» ASSIGNED TASK
Every record that appears below should be transcribed exactly.

▬▬▬▬▬▬

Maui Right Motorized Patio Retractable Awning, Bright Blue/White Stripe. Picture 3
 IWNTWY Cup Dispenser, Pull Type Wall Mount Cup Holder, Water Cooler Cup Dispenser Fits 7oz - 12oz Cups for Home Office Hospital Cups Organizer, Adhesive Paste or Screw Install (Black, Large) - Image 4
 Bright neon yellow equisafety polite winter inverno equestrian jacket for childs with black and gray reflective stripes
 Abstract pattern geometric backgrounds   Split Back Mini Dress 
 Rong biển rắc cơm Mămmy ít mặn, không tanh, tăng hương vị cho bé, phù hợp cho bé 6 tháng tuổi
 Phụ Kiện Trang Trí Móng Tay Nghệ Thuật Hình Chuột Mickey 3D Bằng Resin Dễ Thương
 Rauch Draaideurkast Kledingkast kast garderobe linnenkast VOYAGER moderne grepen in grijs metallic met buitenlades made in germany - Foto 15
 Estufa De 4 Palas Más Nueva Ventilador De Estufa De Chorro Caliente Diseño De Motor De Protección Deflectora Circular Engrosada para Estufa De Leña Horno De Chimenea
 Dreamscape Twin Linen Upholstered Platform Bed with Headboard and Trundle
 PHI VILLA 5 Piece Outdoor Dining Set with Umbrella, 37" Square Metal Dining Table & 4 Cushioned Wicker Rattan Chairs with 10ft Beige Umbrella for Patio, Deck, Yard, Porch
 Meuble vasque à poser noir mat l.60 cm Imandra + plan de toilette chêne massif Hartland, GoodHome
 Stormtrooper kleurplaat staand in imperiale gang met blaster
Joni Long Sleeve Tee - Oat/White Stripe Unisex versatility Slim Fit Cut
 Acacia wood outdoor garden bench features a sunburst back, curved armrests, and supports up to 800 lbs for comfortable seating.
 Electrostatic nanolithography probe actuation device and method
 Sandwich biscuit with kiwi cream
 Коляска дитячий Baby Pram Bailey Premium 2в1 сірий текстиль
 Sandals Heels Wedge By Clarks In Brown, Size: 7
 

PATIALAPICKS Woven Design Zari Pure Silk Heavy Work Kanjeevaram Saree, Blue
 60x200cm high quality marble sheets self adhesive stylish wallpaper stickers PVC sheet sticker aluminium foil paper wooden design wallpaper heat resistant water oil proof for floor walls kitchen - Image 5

▬▬▬▬▬▬

» WRITTEN RESPONSE
Maui Right Motorized Patio Retractable Awning, Bright Blue/White Stripe. Picture 3
 IWNTWY Cup Dispenser, Pull Type Wall Mount Cup Holder, Water Cooler Cup Dispenser Fits 7oz - 12oz Cups for Home Office Hospital Cups Organizer, Adhesive Paste or Screw Install (Black, Large) - Image 4
 Bright neon yellow equisafety polite winter inverno equestrian jacket for childs with black and gray reflective stripes
 Abstract pattern geometric backgrounds   Split Back Mini Dress 
 Rong biển rắc cơm Mămmy ít mặn, không tanh, tăng hương vị cho bé, phù hợp cho bé 6 tháng tuổi
 Phụ Kiện Trang Trí Móng Tay Nghệ Thuật Hình Chuột Mickey 3D Bằng Resin Dễ Thương
 Rauch Draaideurkast Kledingkast kast garderobe linnenkast VOYAGER moderne grepen in grijs metallic met buitenlades made in germany - Foto 15
 Estufa De 4 Palas Más Nueva Ventilador De Estufa De Chorro Caliente Diseño De Motor De Protección Deflectora Circular Engrosada para Estufa De Leña Horno De Chimenea
 Dreamscape Twin Linen Upholstered Platform Bed with Headboard and Trundle
 PHI VILLA 5 Piece Outdoor Dining Set with Umbrella, 37" Square Metal Dining Table & 4 Cushioned Wicker Rattan Chairs with 10ft Beige Umbrella for Patio, Deck, Yard, Porch
 Meuble vasque à poser noir mat l.60 cm Imandra + plan de toilette chêne massif Hartland, GoodHome
 Stormtrooper kleurplaat staand in imperiale gang met blaster
Joni Long Sleeve Tee - Oat/White Stripe Unisex versatility Slim Fit Cut
 Acacia wood outdoor garden bench features a sunburst back, curved armrests, and supports up to 800 lbs for comfortable seating.
 Electrostatic nanolithography probe actuation device and method
 Sandwich biscuit with kiwi cream
 Коляска дитячий Baby Pram Bailey Premium 2в1 сірий текстиль
 Sandals Heels Wedge By Clarks In Brown, Size: 7
 

PATIALAPICKS Woven Design Zari Pure Silk Heavy Work Kanjeevaram Saree, Blue
 60x200cm high quality marble sheets self adhesive stylish wallpaper stickers PVC sheet sticker aluminium foil paper wooden design wallpaper heat resistant water oil proof for floor walls kitchen - Image 5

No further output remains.